The overwhelming majority of customers on AT&T, Sprint, T-Mobile and Verizon networks studied by NPD Connected Intelligence don’t even use 2 GBytes worth of mobile data per month, which suggests most consumers do not need “unlimited” service plans.
For that matter, the new Verizon Wireless “Share Everything” plans seem unlikely to have serious end user repercussions, for the moment. The actual monthly differences in fees are rather slight, in many cases, compared to a traditional plan. The big changes will come in the future, as data consumption, on multiple devices, becomes a bigger issue for service providers and end users alike.

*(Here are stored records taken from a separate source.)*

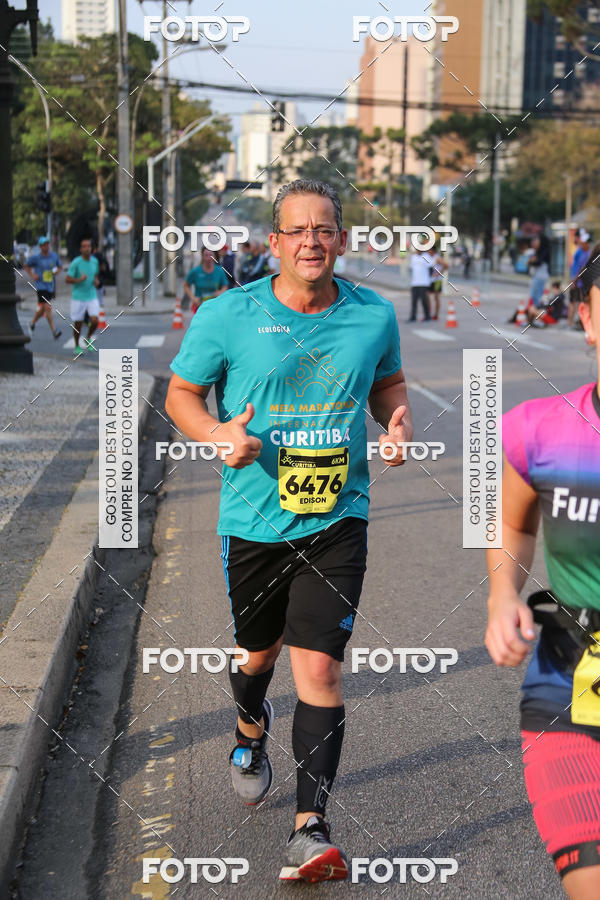 Buy your photos of the eventMeia Maratona Internacional de Curitiba 2018 on Fotop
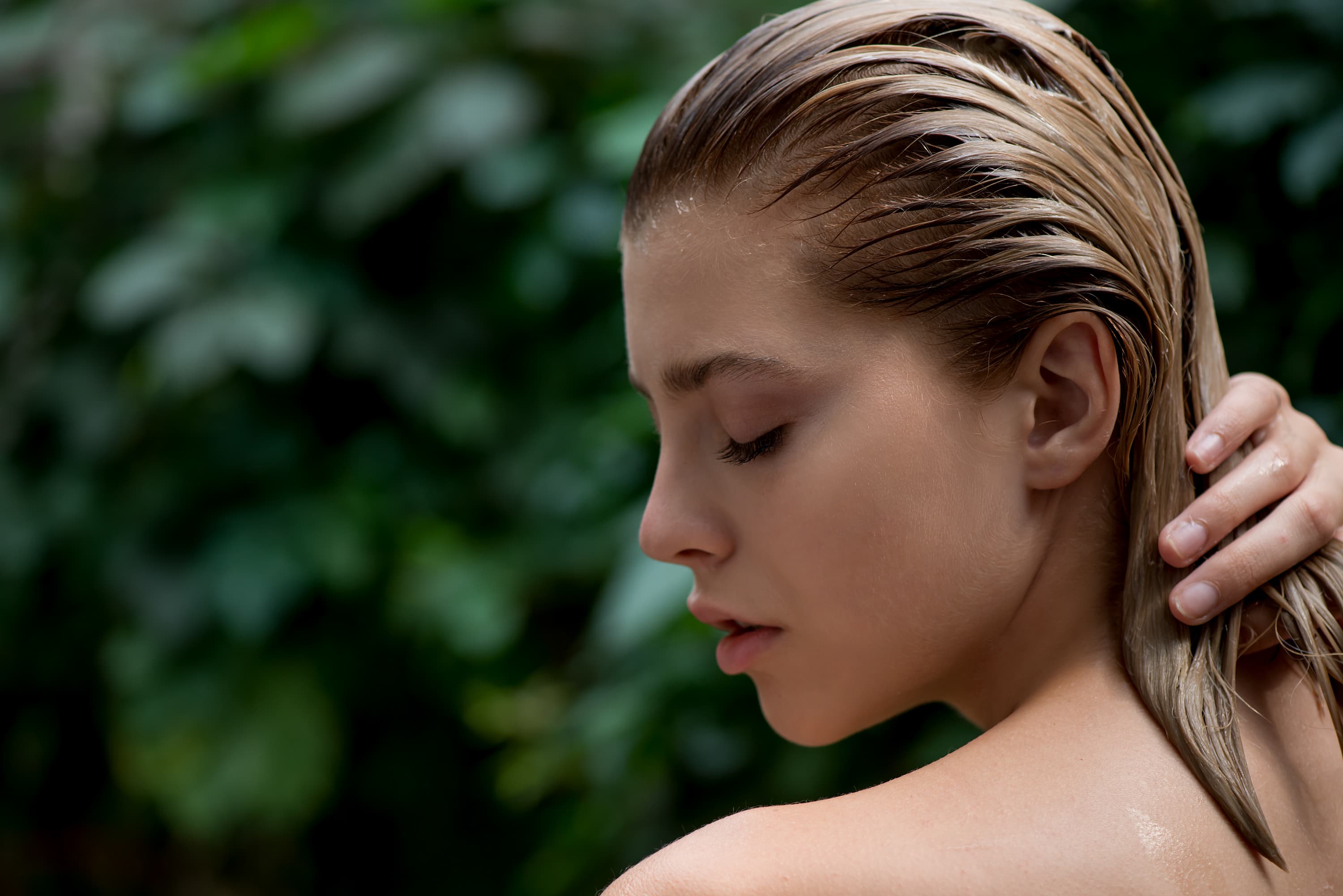 Frau mit nassen Haaren in der Natur Portraet einer Frau mit nassen Haaren vor unscharfem gruenem Hintergrund.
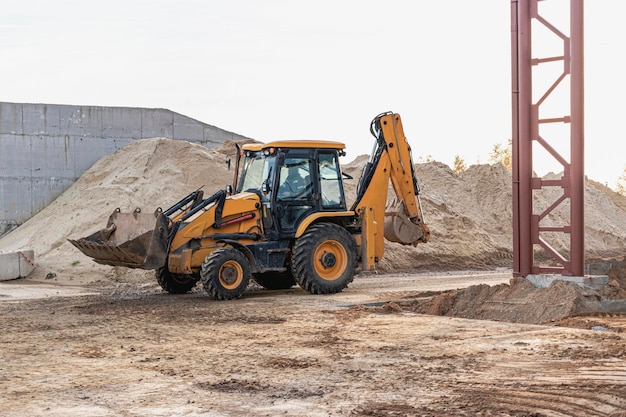 Uma escavadeira na caçamba dianteira remove o solo para aterro no canteiro de obras. Equipamento de construção para terraplenagem.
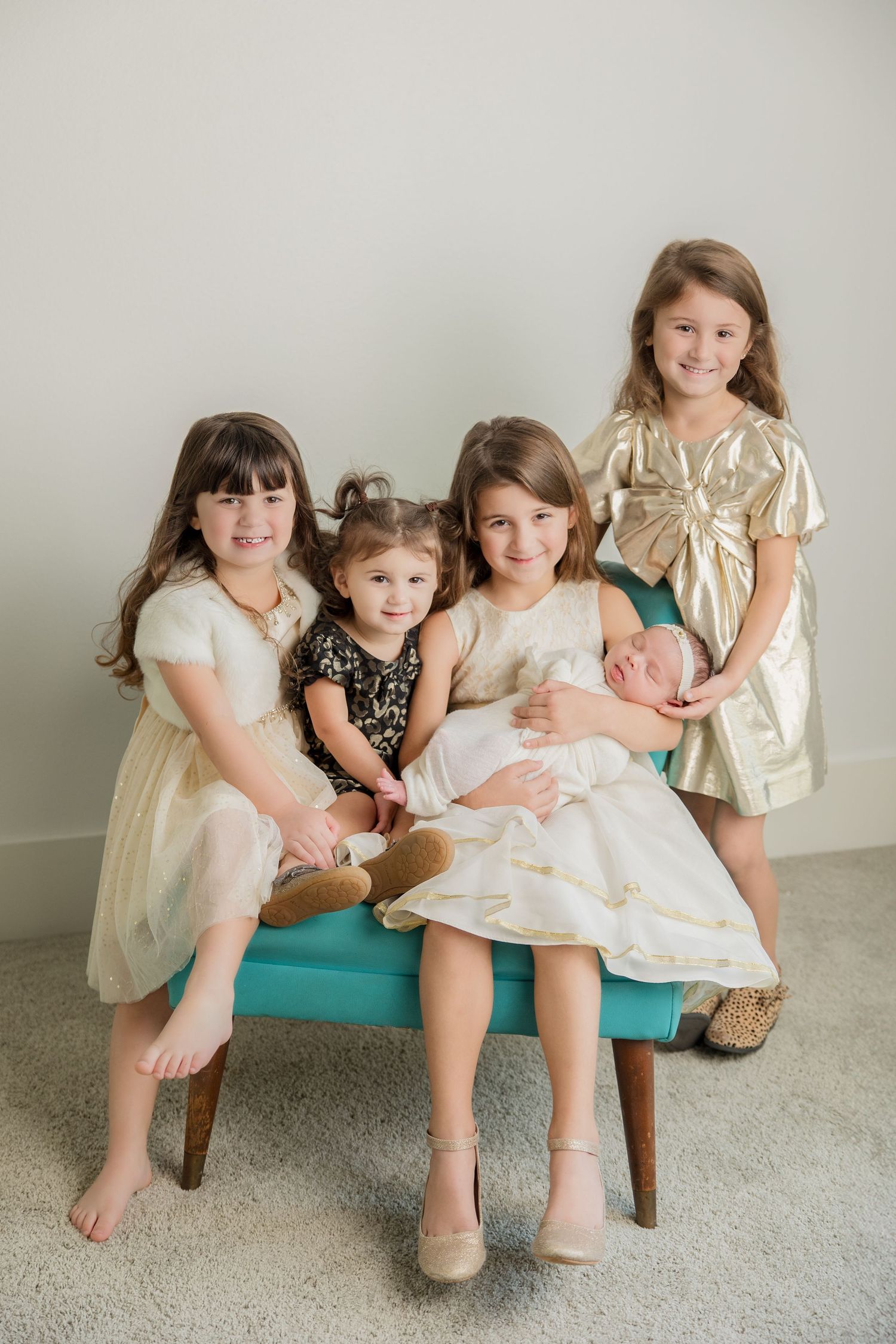 Children wearing special occasion dresses gather on a turquoise chair while holding a baby in a formal portrait setting.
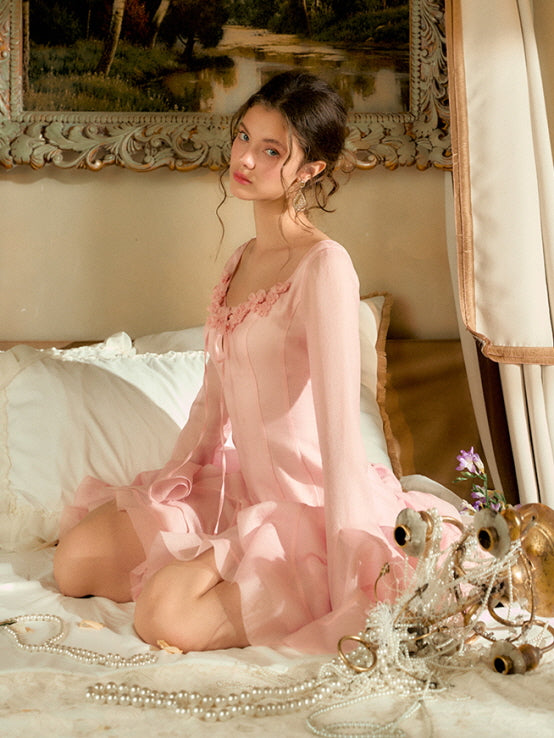 A model in a soft pink coquette princesscore dress sits gracefully on the bed, surrounded by pearls and flowers in a dreamy, vintage room.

For the moment, though, both plans use “unlimited” features in ways that do not threaten service provider networks because most people actually use very little of the unlimited applications.
T-Mobile USA has users who consume more, though. Some 11 percent of T-Mobile USA customers use more than 3 GBytes per month, compared to four percent of AT&T and Sprint customers who consume more than 3 Gbytes a month. About three percent of Verizon customers use more than 3 Gbytes a month
NPD Connected Intelligence analyst Eddie Hold says Apple iPhone usage is pretty similar to that of Android users.
And even when customers had unlimited data plans, most didn’t take advantage of it, the study suggests. “In general, Sprint’s usage is the same as the other networks and less than T-Mobile USA,” Hold said.
Wi-Fi might now be a major part of the usage pattern, as it is possible users now know how to use offloading techniques to protect their mobile data usage buckets.
On average, smart phones are making eight Wi-Fi connections per day and offloading as much as 35 percent of total data consumption to a Wi-Fi network, while heavy users offload as much as 70 percent , according to Devicescape.